The vast rolling hills give way to an array of microclimates and terroir that bring lots of diversity. This means Kakheti can produce many styles even from the same grape variety. We have focused our new selection from Dugladze on three grapes: Rkatsiteli and Kisi white wines, and Saperavi red wines.
Joining our popular Tbilvino ‘Iveriuli’ Rkatsiteli, which is made in a more international and fruit-led style, is the Dugladze Tibaani AOC Qvevri Orange 2018, fermented in the ancient Qvevri method.
This fuller bodied style of 100% Rkatsiteli, a grape indigenous to Georgia, has aromas of dried fruits and hazelnut. It’s a distinctly orange colour, gained from the Qvevri fermentation whereby the grapes are pressed and fermented with stalks and all in clay pots, often buried in the ground. The fermenting liquid is kneaded a few times a day to extract flavour and gentle tannin.
The resulting wine is one full of character.

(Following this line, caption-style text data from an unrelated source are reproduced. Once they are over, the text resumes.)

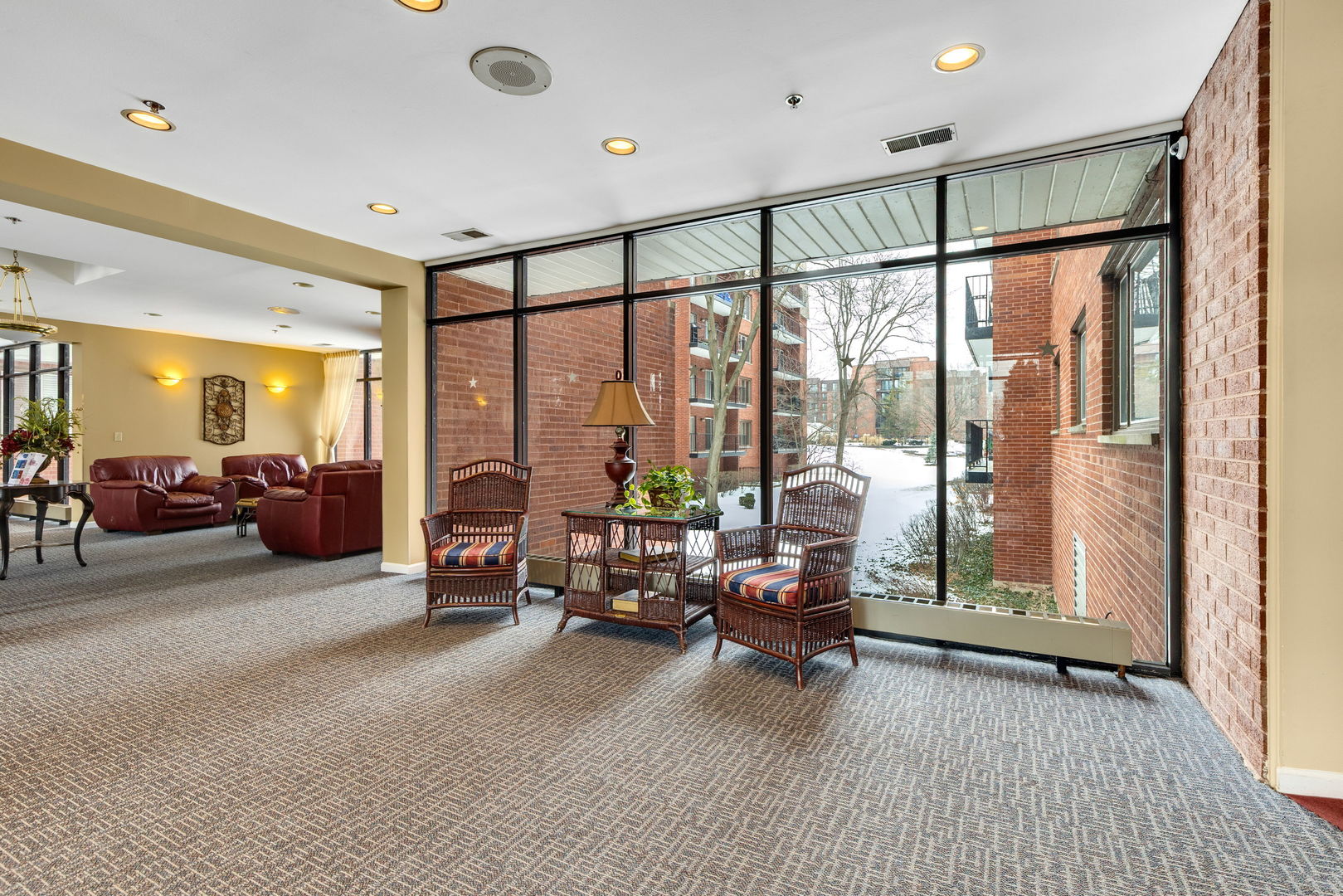 129 Acacia Circle #106E, Indian Head Park, IL 60525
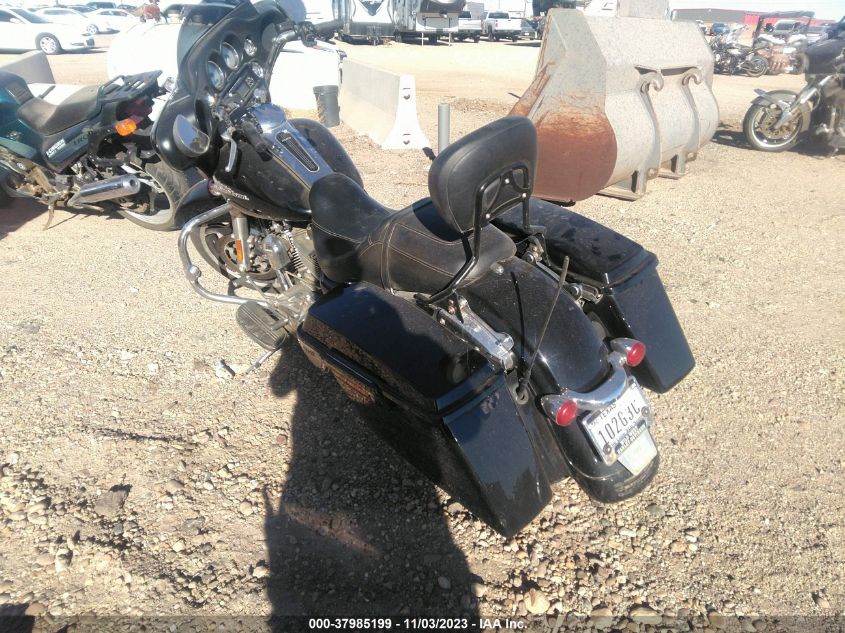 2013 HARLEY-DAVIDSON FLHX STREET GLIDE - 1HD1KBM17DB682025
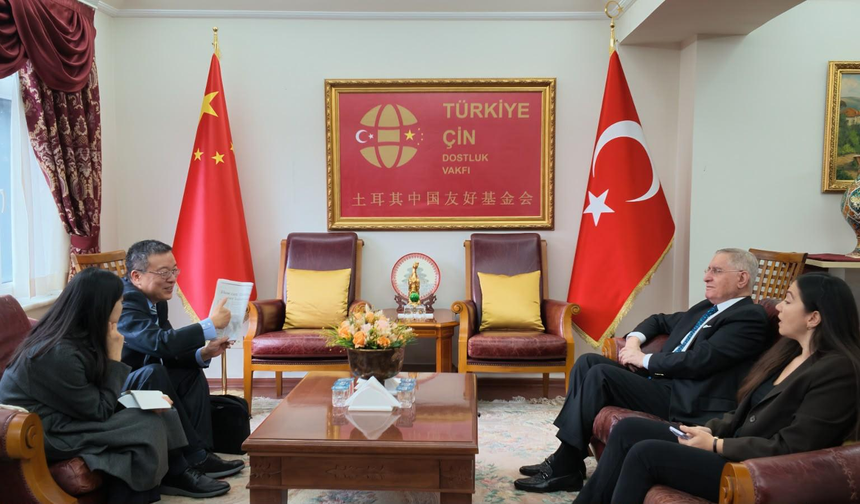 Çin Halk Cumhuriyeti Ankara Büyükelçiliği Misyon Şefi Yardımcısı Zheng Zhou Türkiye-Çin Dostluk Vakfı'nı ziyaret etti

Dried apple, sugared hazelnuts, melon and herbs combine with tannin and structure for a really satisfying Georgian wine. It’s a good pick with spicy curries like Madras, or go for a Moroccan lamb tagine for a really fab match.
Our other white wine addition comes from a premium range introduced by Dugladze in 2018 to celebrate its top Qvevri method wines. The first vintage of 100% Kisi orange wine was a sure-fire favourite for our buyer, Ben.

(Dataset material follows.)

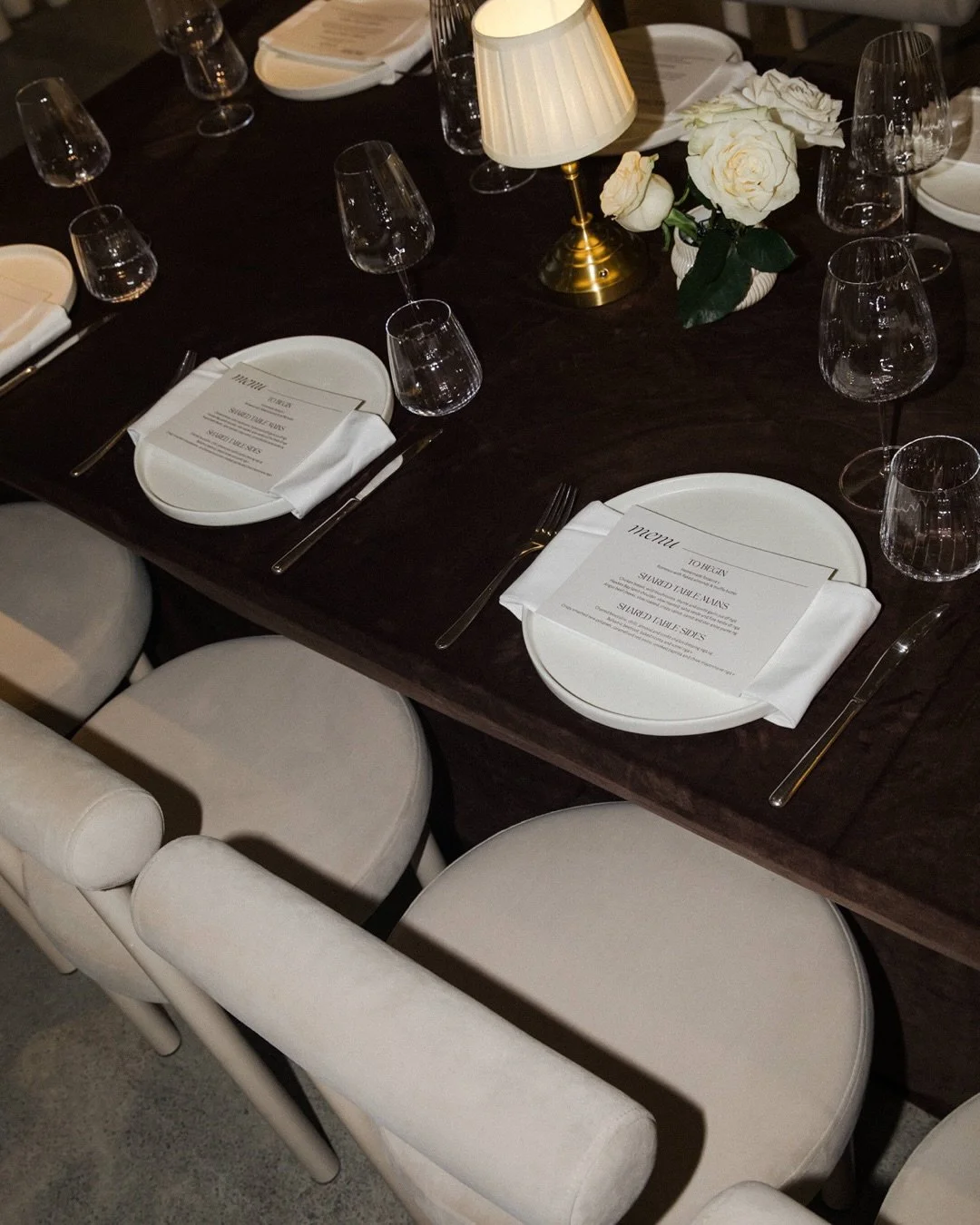 soft textures, warm tones, and understated elegance for Little Wolf&rsquo;s tasting evening.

“It offers you an approachable, silky-smooth texture combined with intense aromas of candy peel, dried apricot, peach and apple. A marvellous orange wine,” says Ben.
Hand-harvested from Dugladze’s estate in Maghraani, the birthplace of the indigenous Kisi variety, it is one of our favourite Georgian wines.
Saperavi is Georgia’s most important, indigenous red grape. One of the rare teinturier grapes (where the flesh is red like its skins), Saperavi retains its acidity in much the way premium Sangiovese wines (think Chianti) do, giving the wine real freshness.
We’ve added three examples to join the Tbilvino ‘Iveriuli’ Saperavi, already a firm customer favourite.
The first arrives from the Mukuzani AOC, considered the benchmark AOC region for quality Saperavi. Bottled under the ‘Ranina’ label, it also offers great value for money at £13.49/btl. Here you get everything typical of great Saperavi: bright cherry notes, sweet spice and toasty oak influence. It spends 12 months in oak to develop complexity and it packs a lot of flavour for its price tag.
A step up, we have Dugladze Napareuli AOC Saperavi, sourced from vines growing around the historic winemaking village of Napareuli in the upper Alazani river valley. The wine’s fermented in stainless steel but undergoes maturation on lees for 15 days to develop rich berry flavours and meaty tannins. It’s then softened in French 300 litre oak barrels for a year, giving it notes of vanilla, toast and spice. The style will please any Shiraz fan. Enjoy with herby pork sausages and mustard mash.
Finally, also from Dugladze’s new premium range, we have their Qvevri Saperavi. Unlike the other new red wine additions, this isn’t aged in oak. Instead by using the traditional clay Qvevri vessels, you get a true purity of Saperavi. Super smooth (although do decant) with striking notes of dried berries and cocoa over earthy, savoury tones. The finish is long and shows you just how great Georgian fine wine can be. Pull the cork with ribeye steak and truffle chips or, if you’re vegetarian, a rich mushroom stew.
The winery for Dugladze was built in 1984 as one of the largest wine producing sites in the Soviet Union. After the fall of the USSR, the gifted businessman Dimitry Dugladze took over the site and helped to grow Georgia’s reputation in a quest for quality winemaking.
Dugladze Wine Company LLC was then founded by Dimitry’s sons in 2004, equipping the winery with modern technology from Italy and Germany. For the first time, the site’s wines were exported under the Dugladze family name. By 2013, they had moved into spirit-production by purchasing the Vartikhe Factory that had been producing Georgian brandies since 1908.